Problem to solve: Copy each line containing the word "Leather" from the records that follow, please.

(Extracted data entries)
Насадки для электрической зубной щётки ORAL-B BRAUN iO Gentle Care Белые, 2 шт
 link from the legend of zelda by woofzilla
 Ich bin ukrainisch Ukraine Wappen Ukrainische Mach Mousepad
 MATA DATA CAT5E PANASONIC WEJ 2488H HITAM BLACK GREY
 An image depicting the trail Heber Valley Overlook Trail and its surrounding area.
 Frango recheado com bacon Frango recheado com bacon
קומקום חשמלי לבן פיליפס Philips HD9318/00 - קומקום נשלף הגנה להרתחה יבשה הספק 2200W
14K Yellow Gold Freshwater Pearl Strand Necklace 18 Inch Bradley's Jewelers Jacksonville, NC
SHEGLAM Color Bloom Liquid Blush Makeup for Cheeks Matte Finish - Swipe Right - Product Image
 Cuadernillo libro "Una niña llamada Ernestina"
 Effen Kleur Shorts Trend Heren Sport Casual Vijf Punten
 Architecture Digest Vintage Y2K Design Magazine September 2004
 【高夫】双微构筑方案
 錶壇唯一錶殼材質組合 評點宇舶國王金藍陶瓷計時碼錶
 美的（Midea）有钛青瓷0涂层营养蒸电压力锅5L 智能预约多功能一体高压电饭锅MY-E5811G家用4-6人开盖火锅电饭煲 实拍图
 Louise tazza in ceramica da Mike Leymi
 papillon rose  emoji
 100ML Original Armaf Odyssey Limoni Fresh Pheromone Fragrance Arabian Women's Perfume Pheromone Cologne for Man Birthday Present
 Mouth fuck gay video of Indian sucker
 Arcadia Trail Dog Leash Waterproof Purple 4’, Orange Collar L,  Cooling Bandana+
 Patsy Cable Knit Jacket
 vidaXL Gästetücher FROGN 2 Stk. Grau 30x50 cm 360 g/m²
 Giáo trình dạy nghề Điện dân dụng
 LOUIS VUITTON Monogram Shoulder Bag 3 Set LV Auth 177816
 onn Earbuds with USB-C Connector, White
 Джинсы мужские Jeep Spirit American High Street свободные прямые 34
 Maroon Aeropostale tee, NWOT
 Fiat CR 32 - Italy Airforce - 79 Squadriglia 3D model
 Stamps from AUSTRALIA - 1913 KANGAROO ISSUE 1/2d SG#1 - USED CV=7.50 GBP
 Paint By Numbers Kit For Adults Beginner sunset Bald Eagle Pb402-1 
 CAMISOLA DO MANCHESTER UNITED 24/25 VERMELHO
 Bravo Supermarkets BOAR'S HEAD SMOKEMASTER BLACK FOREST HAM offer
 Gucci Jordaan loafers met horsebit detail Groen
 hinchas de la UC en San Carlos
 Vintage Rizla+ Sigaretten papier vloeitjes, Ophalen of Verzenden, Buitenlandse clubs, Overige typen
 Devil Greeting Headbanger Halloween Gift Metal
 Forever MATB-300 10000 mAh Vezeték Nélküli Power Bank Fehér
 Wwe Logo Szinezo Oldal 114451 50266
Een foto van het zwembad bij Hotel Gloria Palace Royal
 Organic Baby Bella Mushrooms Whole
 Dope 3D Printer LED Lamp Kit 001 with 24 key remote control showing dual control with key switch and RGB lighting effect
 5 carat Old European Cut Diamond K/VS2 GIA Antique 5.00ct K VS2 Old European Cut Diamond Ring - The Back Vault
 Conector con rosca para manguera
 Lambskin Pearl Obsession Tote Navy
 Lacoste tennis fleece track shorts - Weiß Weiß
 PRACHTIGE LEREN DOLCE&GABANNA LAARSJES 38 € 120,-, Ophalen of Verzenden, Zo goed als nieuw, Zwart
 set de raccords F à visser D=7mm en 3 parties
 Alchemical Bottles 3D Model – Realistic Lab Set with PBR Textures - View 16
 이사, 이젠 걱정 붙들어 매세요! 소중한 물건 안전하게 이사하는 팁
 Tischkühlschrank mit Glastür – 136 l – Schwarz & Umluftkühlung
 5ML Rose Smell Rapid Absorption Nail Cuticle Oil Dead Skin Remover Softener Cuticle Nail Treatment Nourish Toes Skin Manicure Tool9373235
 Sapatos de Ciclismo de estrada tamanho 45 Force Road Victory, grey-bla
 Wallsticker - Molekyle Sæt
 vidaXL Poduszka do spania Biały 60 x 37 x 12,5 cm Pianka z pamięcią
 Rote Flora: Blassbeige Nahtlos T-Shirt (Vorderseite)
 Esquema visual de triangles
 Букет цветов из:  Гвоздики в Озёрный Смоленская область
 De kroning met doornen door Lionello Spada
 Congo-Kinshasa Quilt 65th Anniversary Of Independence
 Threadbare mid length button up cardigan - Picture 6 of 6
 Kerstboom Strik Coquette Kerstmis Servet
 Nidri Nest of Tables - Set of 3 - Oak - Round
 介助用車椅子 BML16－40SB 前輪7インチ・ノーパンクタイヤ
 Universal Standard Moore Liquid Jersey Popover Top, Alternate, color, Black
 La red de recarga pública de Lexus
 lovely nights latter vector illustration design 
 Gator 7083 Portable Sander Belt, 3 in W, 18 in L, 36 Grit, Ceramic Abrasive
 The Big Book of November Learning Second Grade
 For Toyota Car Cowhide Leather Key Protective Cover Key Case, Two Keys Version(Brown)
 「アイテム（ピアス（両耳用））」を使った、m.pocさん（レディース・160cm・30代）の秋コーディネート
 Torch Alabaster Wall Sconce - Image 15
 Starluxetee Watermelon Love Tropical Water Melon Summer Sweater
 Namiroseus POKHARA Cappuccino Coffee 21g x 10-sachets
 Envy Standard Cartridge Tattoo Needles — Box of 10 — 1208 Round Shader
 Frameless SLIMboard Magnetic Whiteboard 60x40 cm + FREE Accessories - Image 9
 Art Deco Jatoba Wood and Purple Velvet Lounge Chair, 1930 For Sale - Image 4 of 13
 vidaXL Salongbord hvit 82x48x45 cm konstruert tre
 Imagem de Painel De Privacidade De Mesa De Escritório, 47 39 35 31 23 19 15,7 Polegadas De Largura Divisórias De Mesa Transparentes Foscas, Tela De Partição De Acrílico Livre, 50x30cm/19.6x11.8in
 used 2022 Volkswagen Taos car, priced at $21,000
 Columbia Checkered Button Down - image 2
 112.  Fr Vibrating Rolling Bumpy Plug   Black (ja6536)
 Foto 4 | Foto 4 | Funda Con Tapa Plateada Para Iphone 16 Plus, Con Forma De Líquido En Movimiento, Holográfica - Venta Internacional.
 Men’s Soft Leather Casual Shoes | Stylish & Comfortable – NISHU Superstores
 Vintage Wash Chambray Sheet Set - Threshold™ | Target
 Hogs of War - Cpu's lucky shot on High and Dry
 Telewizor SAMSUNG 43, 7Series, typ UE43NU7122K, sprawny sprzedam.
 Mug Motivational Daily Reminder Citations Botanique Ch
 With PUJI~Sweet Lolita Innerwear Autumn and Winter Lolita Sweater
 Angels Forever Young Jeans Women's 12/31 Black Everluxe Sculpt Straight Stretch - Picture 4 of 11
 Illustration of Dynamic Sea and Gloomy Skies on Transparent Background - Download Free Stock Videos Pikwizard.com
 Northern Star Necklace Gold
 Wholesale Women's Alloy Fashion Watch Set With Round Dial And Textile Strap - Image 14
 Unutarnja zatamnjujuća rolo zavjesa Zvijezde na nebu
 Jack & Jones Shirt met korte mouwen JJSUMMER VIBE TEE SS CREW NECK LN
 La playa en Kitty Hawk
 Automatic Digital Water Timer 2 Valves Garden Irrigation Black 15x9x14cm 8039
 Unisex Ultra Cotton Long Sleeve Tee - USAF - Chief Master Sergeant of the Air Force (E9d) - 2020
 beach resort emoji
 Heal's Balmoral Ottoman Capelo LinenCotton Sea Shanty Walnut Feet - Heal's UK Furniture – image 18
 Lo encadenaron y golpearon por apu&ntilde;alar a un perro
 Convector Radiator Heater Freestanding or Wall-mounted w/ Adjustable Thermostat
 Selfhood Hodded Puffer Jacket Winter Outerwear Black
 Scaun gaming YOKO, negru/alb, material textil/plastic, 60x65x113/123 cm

Solved problem:
 For Toyota Car Cowhide Leather Key Protective Cover Key Case, Two Keys Version(Brown)
 Men’s Soft Leather Casual Shoes | Stylish & Comfortable – NISHU Superstores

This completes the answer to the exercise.